The hardest course I ever took was titled “History and Historians;” it was required for my degree, and it was extremely intense. The coursework was a comparative lesson on how different cultures view historical events. History was not as simple as a record of facts but rather a collection of perspectives of said facts, and those facts were still vulnerable to the particular writing styles and storytelling methods of specific cultures.
History was about facts just as much as it was about who was recounting them.
In a move on brand for a racist demagogue, DeSantis and friends are targeting textbooks, courses, and anything that promotes diversity, equity and inclusion, on any education level, and essentially whitewashing any history of America’s racism to Blacks.
In a story originally published by the New York Times, schoolbook publisher Studies Weekly took its current elementary school lesson on Rosa Parks, “The law said African Americans had to give up their seats on the bus if a white person wanted to sit down.” That version was later changed to, “She was told to move to a different seat because of the color of her skin” and ultimately rewritten as “she was told to move to a different seat.”
Why is it that only white rebellions are considered venerable? Whitewashing Rosa Parks’ refusal to get out of her seat because of blatant racism makes it seem like Black people’s complaints were nothing more than mere inconveniences rather than actual cruel discrimination and racial abuse. Martin Luther King’s legacy has seen itself whitewashed over time with the usurpation of his image and his “I Have A Dream,” speech. Many far-right Republicans still evoke his likeness and cherry-pick his words every cold January without speaking on why he is no longer able to speak for himself.
Black people do not exist in an ahistorical vacuum of white comfort.
After facing understandable backlash, Studies Weekly responded on their website that not only were actions taken against the responsible parties, but their letter did explain that the Florida law, House Bill 7, “forbids anything that encourages students to believe any group is inherently racist, implies a person can be considered oppressed because of their race, or infers that one should feel guilty because of actions committed by members of their same race.” While the company states that its team members “overreacted,” in compliance of the law, the law should not even be in place. If learning about racism is bad, then that must mean that racism is bad, and seeing that there are no laws that specifically target hate speech to Black people, it is hard to logically adjust to laws that outlaw talking about the racism that has targeted Black people in the past.
It seems that when it comes to children’s education, the second amendment is much more protected than the first, and that includes publishers’ rights to print facts in textbooks.

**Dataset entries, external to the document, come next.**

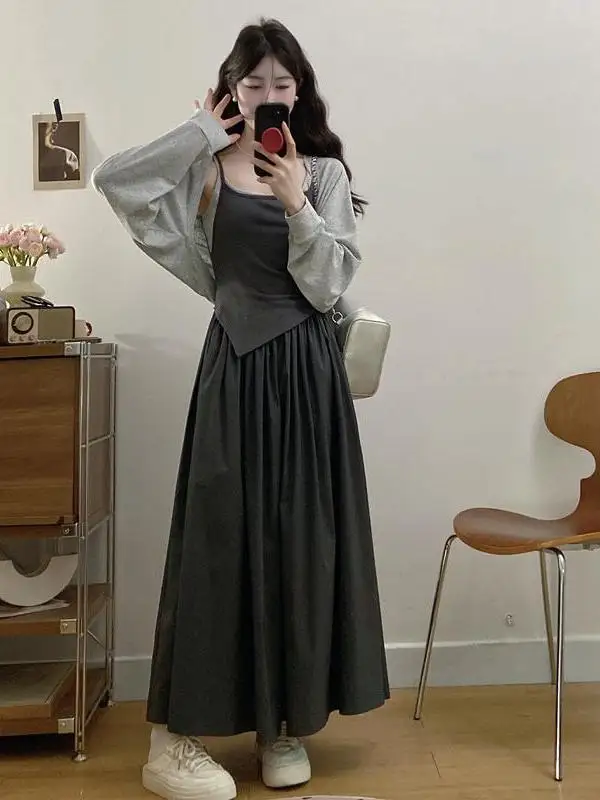 플러스 사이즈 봄 여름 한국 스타일 매칭 세트 오픈 카디건 탑과 스트랩 드레스 투피스 세트 하이웨이스트 A라인 스커트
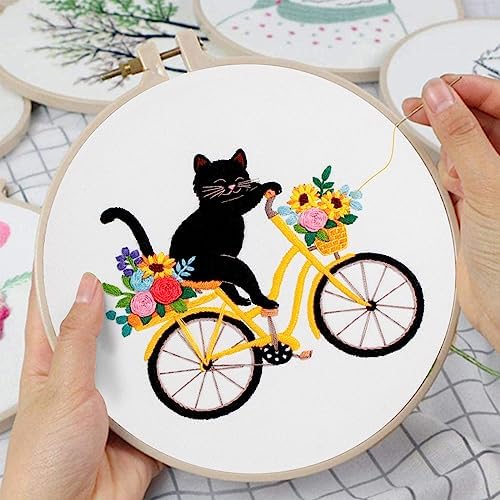 Louise Maelys Cat Bicycle Embroidery Kit for Beginners Floral DIY Craft - Image 4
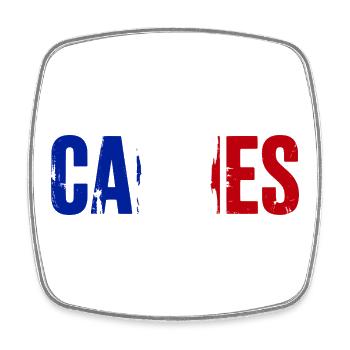 Cannes, France - Magnet carré - blanc - Devant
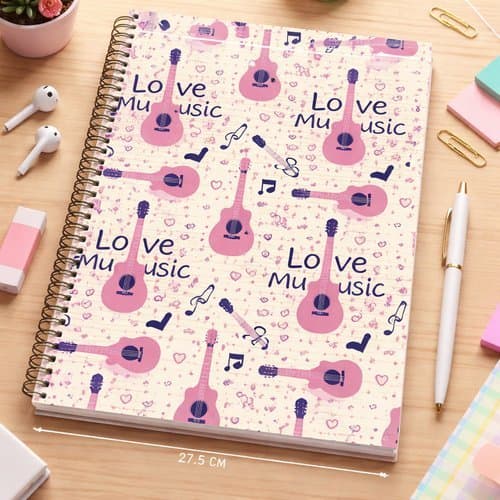 Caderno Universitario Feminino Love Music 80 Folhas Design Moderno Organizador Estudo Anotacoes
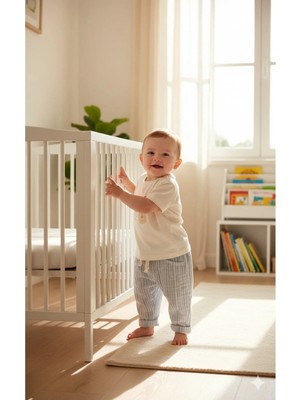 Kidaxi Çizgili Dokuma Tişört Pantolon Takım 6-9/9-12/18-24/24-36AY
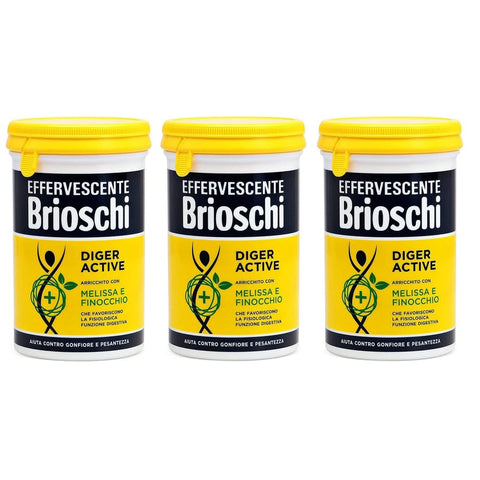 Brioschi Verdauung & Übelkeit Brioschi Diger Active Effervescente Verdauungsfördernd Verdauungs mit Zitronenmelisse und Fenchel 150g zur Förderung der Verdauungsfunktion, hilft gegen Völlegefühl und Völlegefühl 3x Original italienisch 8002410050608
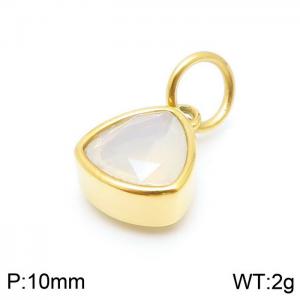 Stainless Steel Stone & Crystal Pendant - KP97353-LK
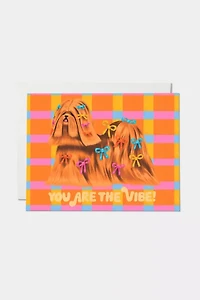 Red Cap Puppy Vibe Greeting Card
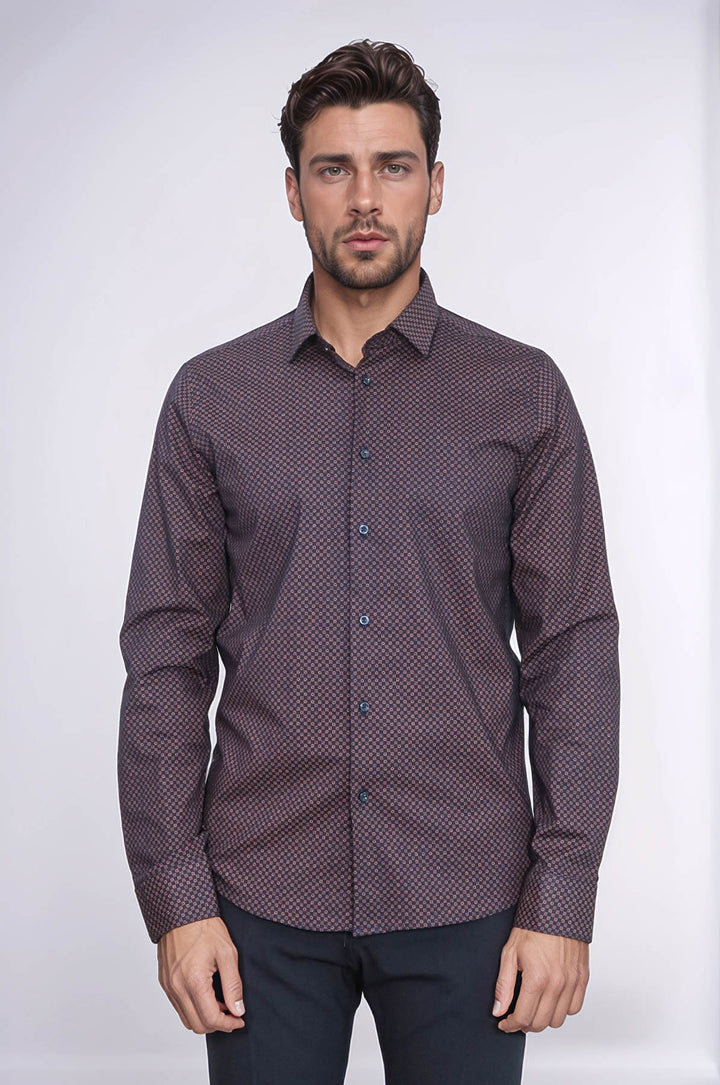 Brown Tiny Check Patterned Slim Fit Shirt - Wessi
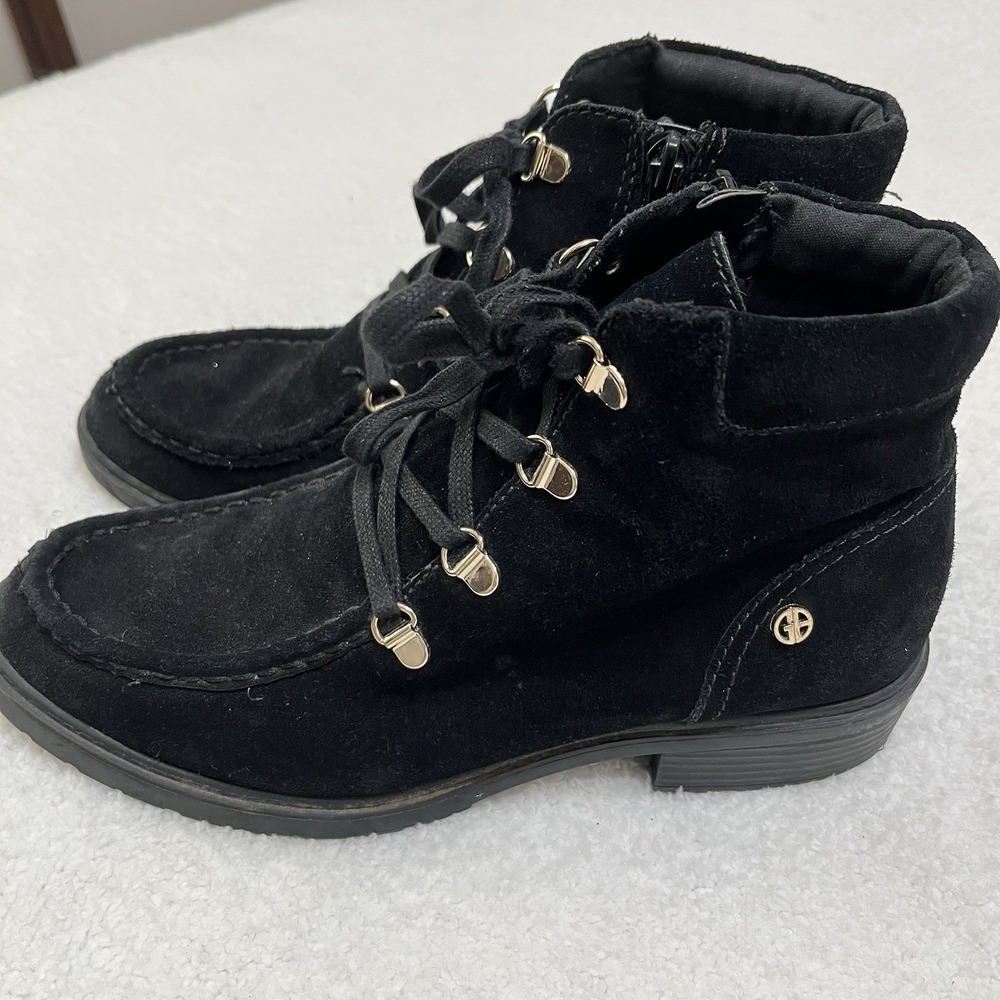 Giani Bernini Better Women's Bootie Size 9 Lace Black Suede Comfort Lug Sole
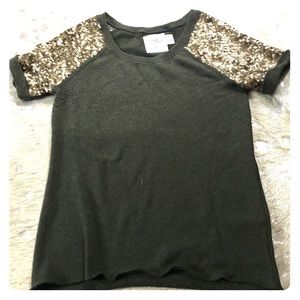 Olive Green and Gold Sequin Sleeved Knit T-Shirt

The same group of people who support the whitewashing of history books because learning about Black history is somehow divisive, don’t seem to mind the waving of a flag that represents treason or the captivity of those Black people and the abuse of their descendants. When white people rebel, even against their own nation, it is seen as admirable; even when dressing like Natives so as to not be found out, in an act I would surely consider cowardice, they are marked in history books under braveness. Only white men’s anger is seen as noteworthy, necessary and approved, but a white man’s fear, fear of his own past, fear of the recklessness of his own demons, and the demons of the men whose name he bears, will be hushed just as swiftly as the screams they conjured in their unprovoked violence.
A history so shameful that they refuse to be shamed by it.
For a country built on the eschewing of tyranny, it has a way of making Black revolutionaries feel like they should be quiet. The demographic most heavily invested in the protection of the second amendment always seems to find fault with Black people’s stories or their exercise of the first.
What I do know is that you don’t need a college history class to teach you that a history, no matter how violent, did not occur simply because no one read about it.